**Task to complete**
Please reproduce the entries below exactly, leaving the pictures out.
[Start of Attachment]
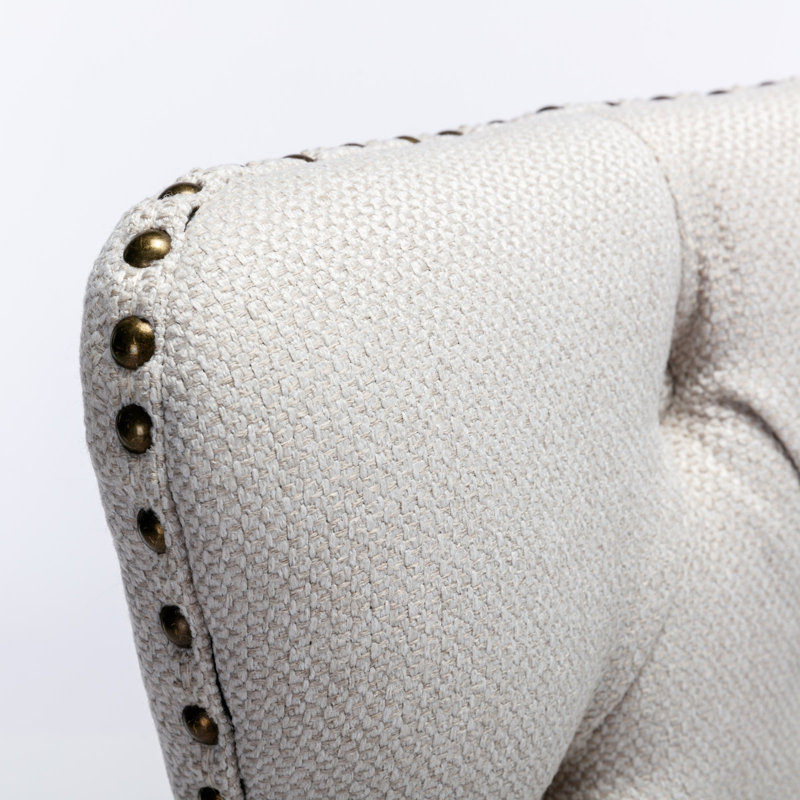 Chaise rembourrée Damine, Lin beige, Marron foncé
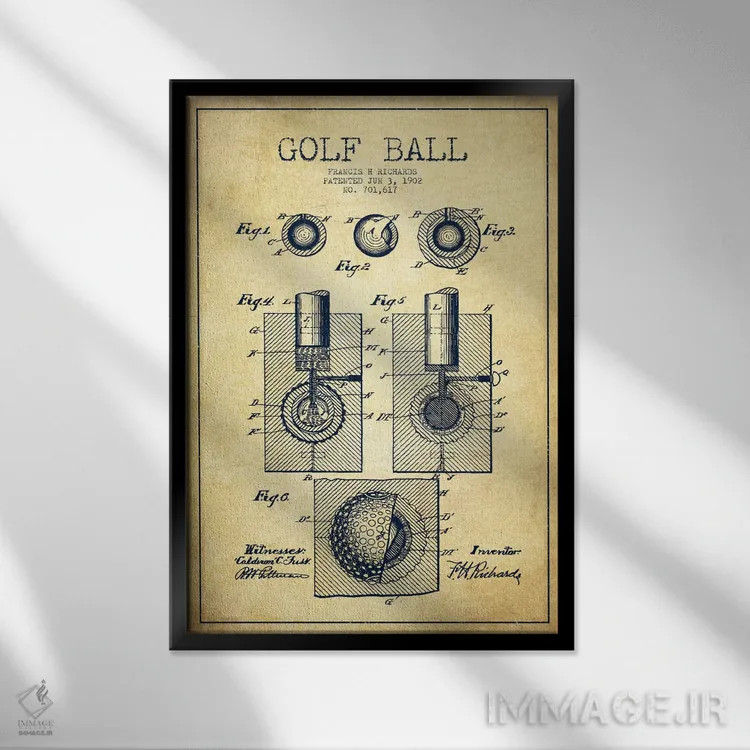 تابلو نقشهٔ ثبت اختراع توپ گلف قدیمی اثر پیکسل کهنه (استودیو/نام هنری) - نمای قابدار مشکی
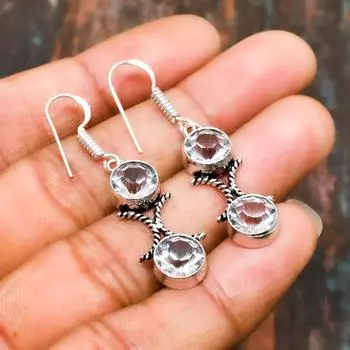 Ювелирные серьги ручной работы из белого топаза и драгоценного камня из стерлингового серебра 925 пробы для женщин 1.70 Inches белый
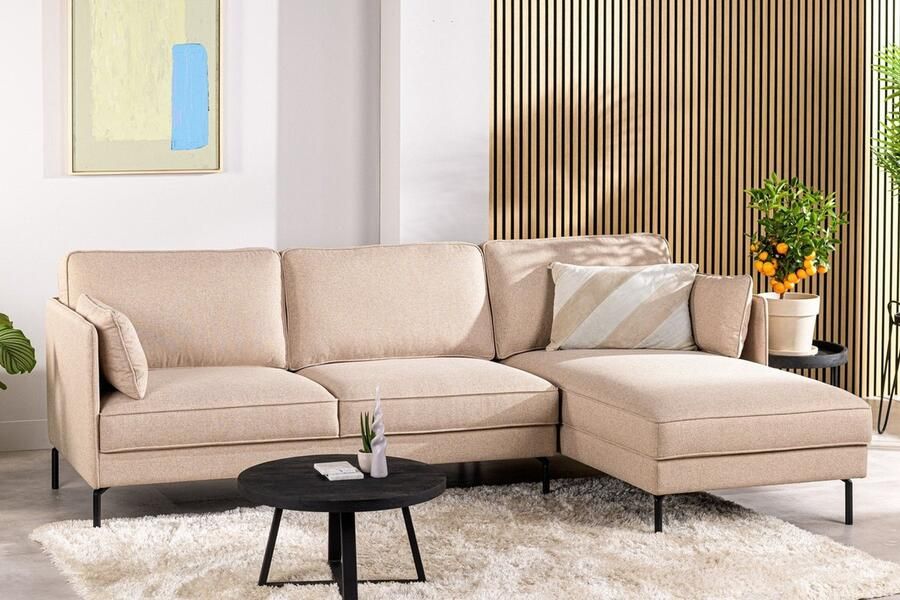 Dimehouse Hoekbank Sidney stof beige rechts Stof Scandinavisch & Basic 255 x 157 x 85 cm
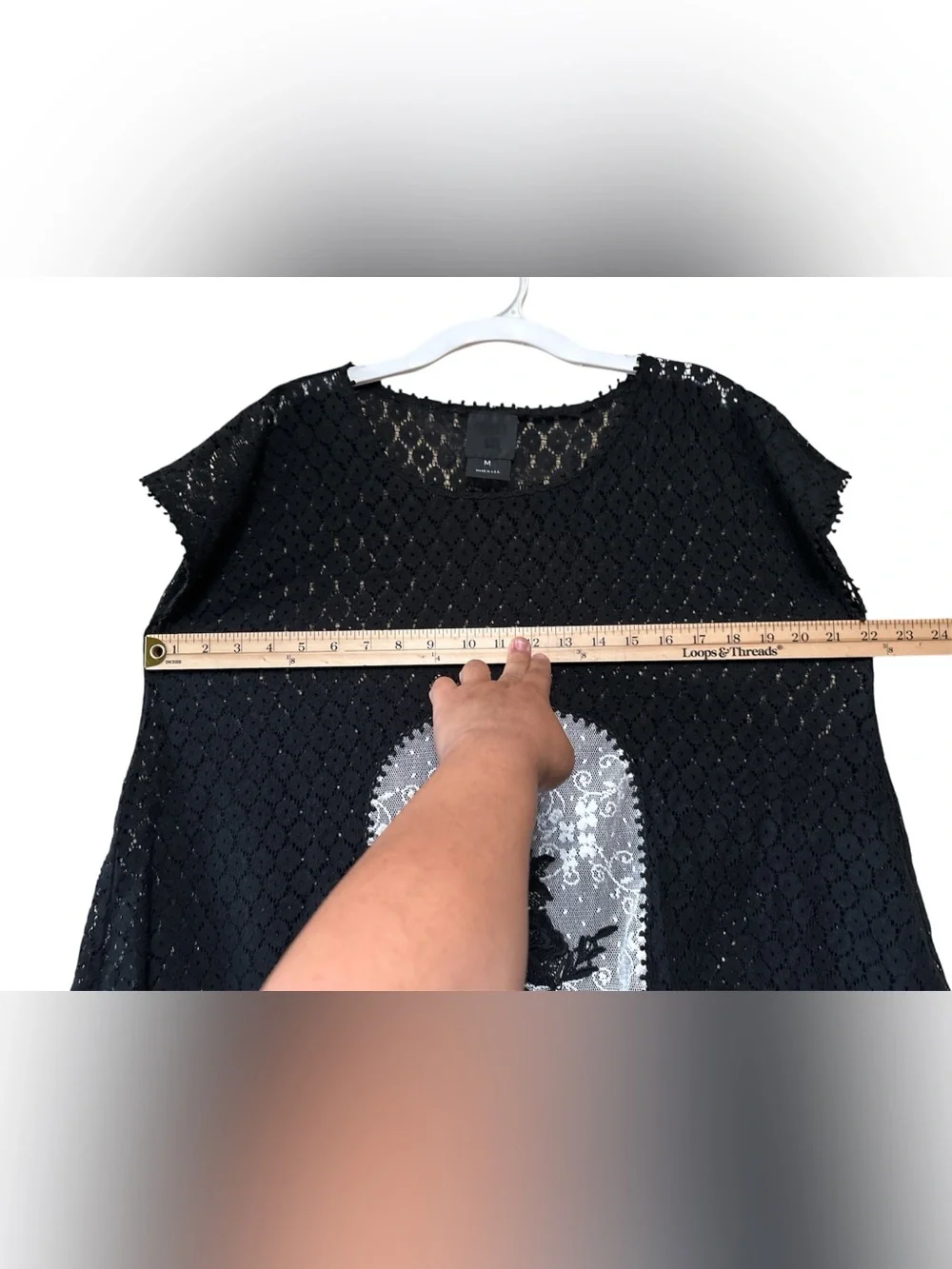 Anna Sui Black Lace Top,Size M,Made in USA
[End of Attachment]
**Task response**
 Chaise rembourrée Damine, Lin beige, Marron foncé
 تابلو نقشهٔ ثبت اختراع توپ گلف قدیمی اثر پیکسل کهنه (استودیو/نام هنری) - نمای قابدار مشکی
 Ювелирные серьги ручной работы из белого топаза и драгоценного камня из стерлингового серебра 925 пробы для женщин 1.70 Inches белый
 Dimehouse Hoekbank Sidney stof beige rechts Stof Scandinavisch & Basic 255 x 157 x 85 cm
 Anna Sui Black Lace Top,Size M,Made in USA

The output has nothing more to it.